Nunatsiaq Online
NEWS: Nunavut September 11, 2017 - 1:10 pm

Nunavut minister hopes Education Act amendments survive final round

Short fall legislative sitting will end fourth assembly in advance of October territorial election

STEVE DUCHARME
House Leader, and Nunavut Education Minister, Paul Quassa says his government made reforming the Education Act a cornerstone of their mandate and he hopes they can do that before the legislature is dissolved Sept. 24. (FILE PHOTO)
House Leader, and Nunavut Education Minister, Paul Quassa says his government made reforming the Education Act a cornerstone of their mandate and he hopes they can do that before the legislature is dissolved Sept. 24. (FILE PHOTO)

Despite getting battered by Inuit organizations, MLAs and others critics, Nunavut’s education minister still thinks Bill 37, which would amend the territory’s Education Act, might possibly survive.

Nunavummiut will soon find out.

Nunavut MLAs are gearing up for their final legislative assembly meeting in Iqaluit—Sept. 12 to Sept. 19—before the legislature is dissolved in advance of the October territorial election.

Education Minister and House Leader Paul Quassa said he still hopes his government can rescue the controversial act to amend Nunavut’s Education Act from legislative limbo.

“As a government, that’s something that was given to us as a goal for the government, as a mandate for this government, and certainly we do want to carry that forth before the end of the life of this government,” Quassa told Nunatsiaq News from his hometown of Igloolik, Sept. 8.

Among other amendments to the territory’s Education Act, Bill 37 pushes back deadlines for a fully bilingual curriculum from kindergarten to Grade 9 until 2030, while keeping the Grade 10 to Grade 12 bilingual curricula on ice as the territory struggles with a shortage of qualified Inuit teachers.

The bill also reorders responsibilities for local District Education Authorities and replaces the Coalition of Nunavut DEAs with an elected Council of District Education Authorities.

The legislature’s standing committee responsible for legislation, after considering submissions from stakeholders and members of the public behind closed doors in April and May, issued a two-page statement recommending Bill 37, “fall off the order paper when the current Assembly dissolves.”

But while MLAs on the committee cited strong opposition to Bill 37 from groups such as Nunavut Tunngavik Inc., they avoided moving to officially kill the bill during their spring sitting, and were again silent during the legislature’s brief summer sitting.

“As the minister of education, I’m really hoping that the standing committee will come forward, whether there has to be amendments or not.
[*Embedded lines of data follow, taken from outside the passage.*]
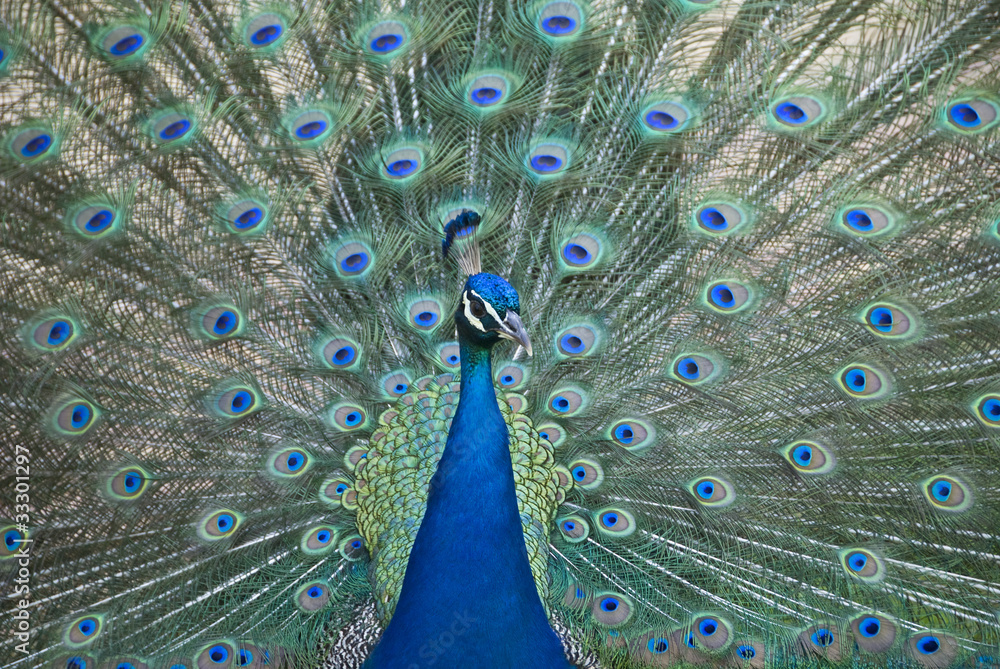 Obraz premium Peacock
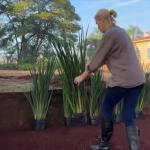 Apresentadora realiza plantio de mais de 300 mudas em nova fazenda em SP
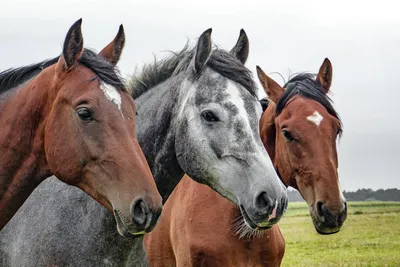 Как правильно мыть лошадь и какие средства использовать - HorseUA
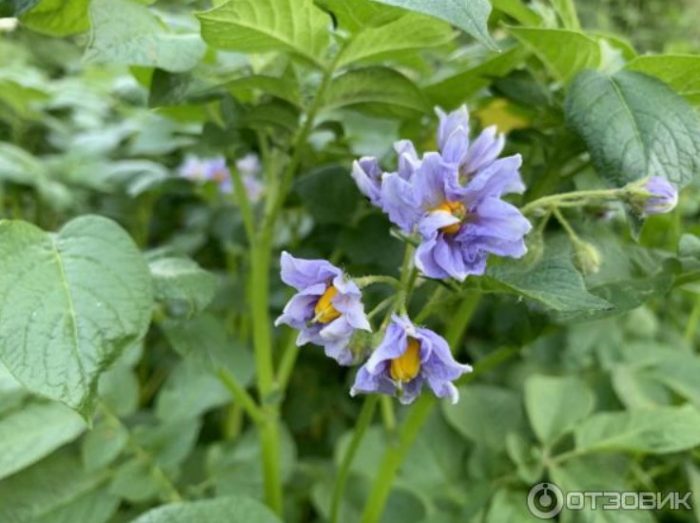 Цветя от сорта Синеглазка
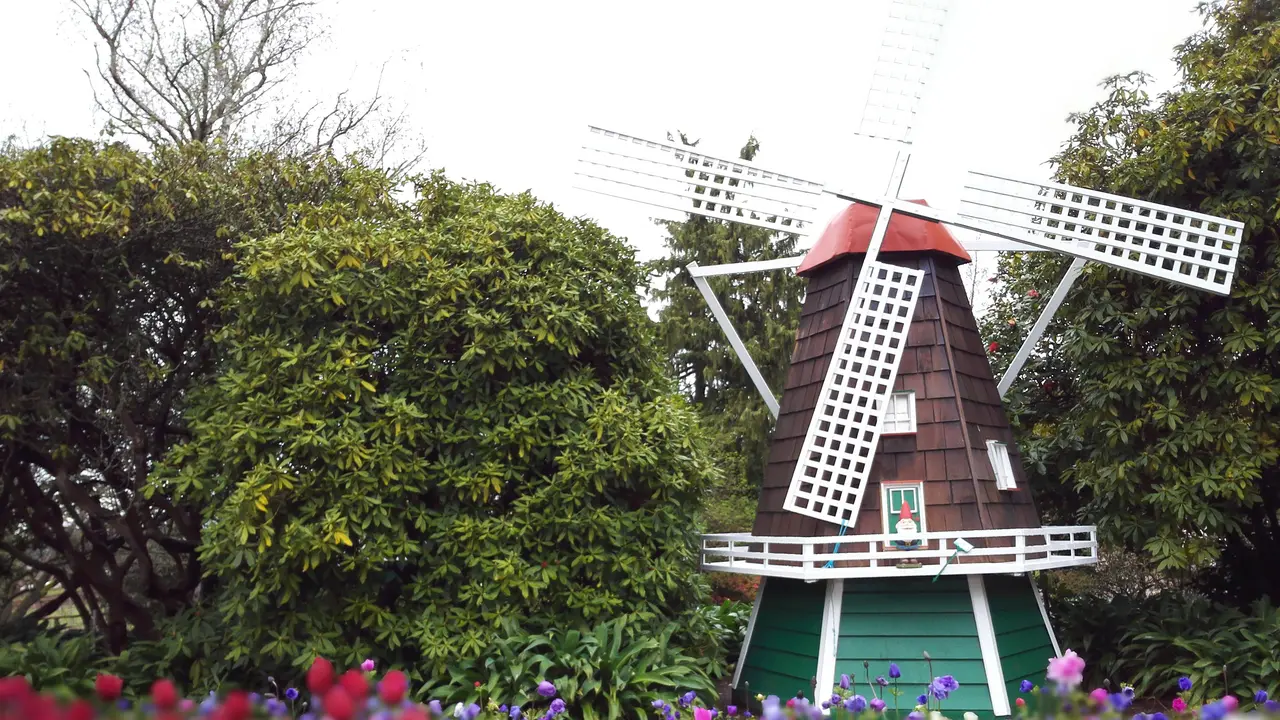 Kebun tulip Tesselar di Silvan, Melbourne, Australia. (Liputan6.com/Tanti Yulianingsih)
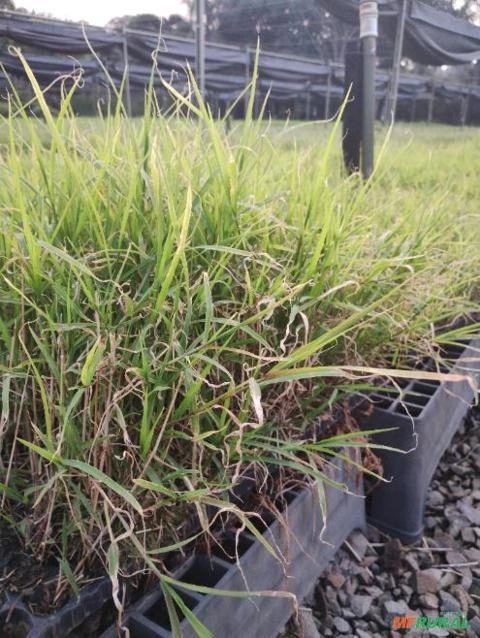 Muda de Grama Florakirk Imagem Muda de Grama Florakirk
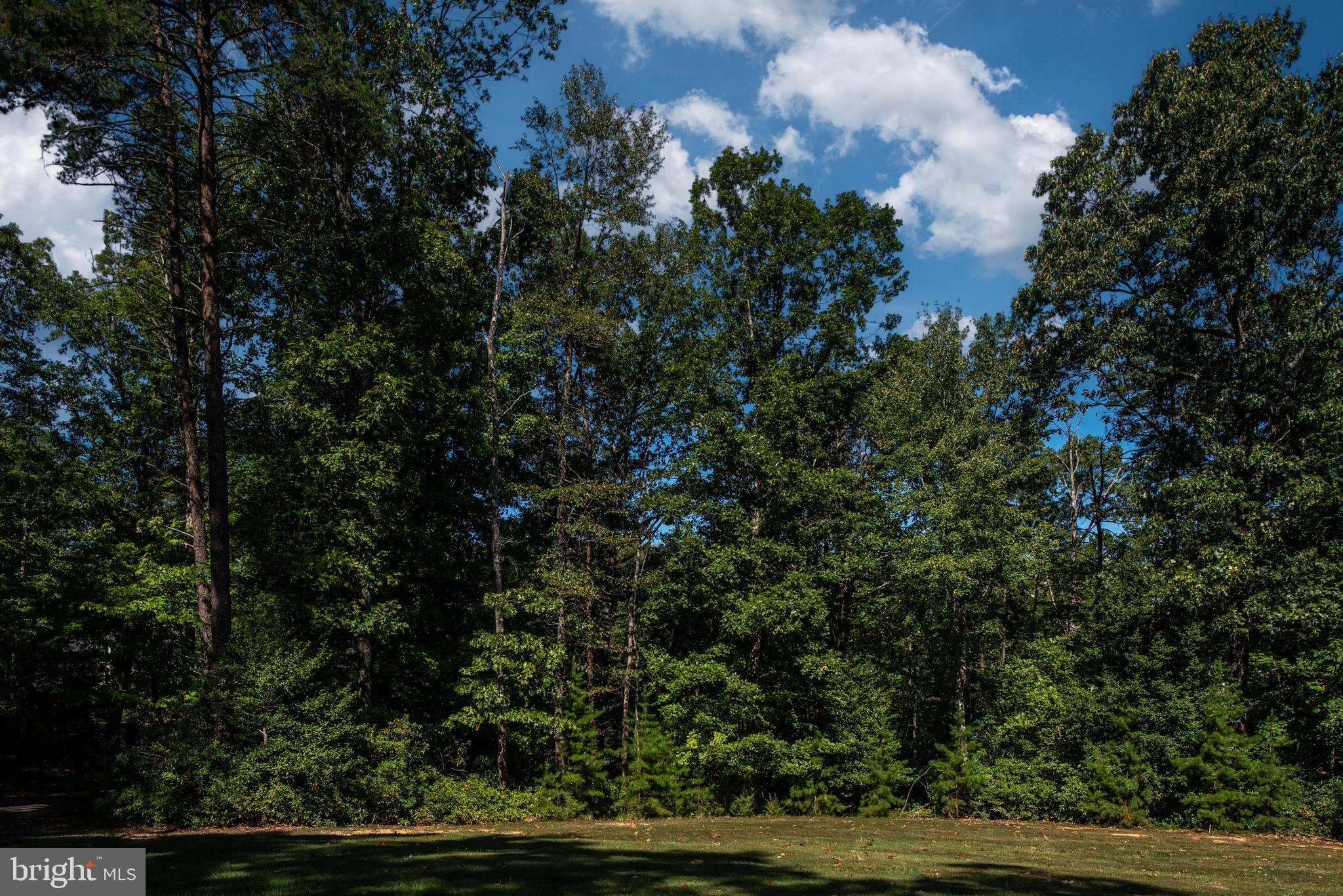 8703 LAROQUE RUN DRIVE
That’s something we’ll have to work on,” Quassa said.

“We’ll see what happens before the end of the sitting. It’ll be up to the House whether its going to be eight days or not.”

The legislative assembly’s senior clerk, John Quirke, told Nunatsiaq News, Sept. 11, that there were no plans for the standing committee on legislation to meet further on Bill 37, and no report from the committee is currently expected.

Nunavut’s fourth legislative assembly will be officially dissolved on Sept. 24, with Nunavut’s fifth general election scheduled for Oct. 30.

Quassa said there are six other pieces of legislation scheduled for consideration by Nunavut MLAs this fall, including three supplementary appropriation bills, and a bill authorizing the regular write-off of assets for the 2016-17 fiscal year.

Bill 55, an act amending the Nunavut Motor Vehicles Act, will also be read during the fall sitting. That bill would mandate annual reporting on the administration of the motor vehicles act and traffic safety, as well as a review of the act every five years.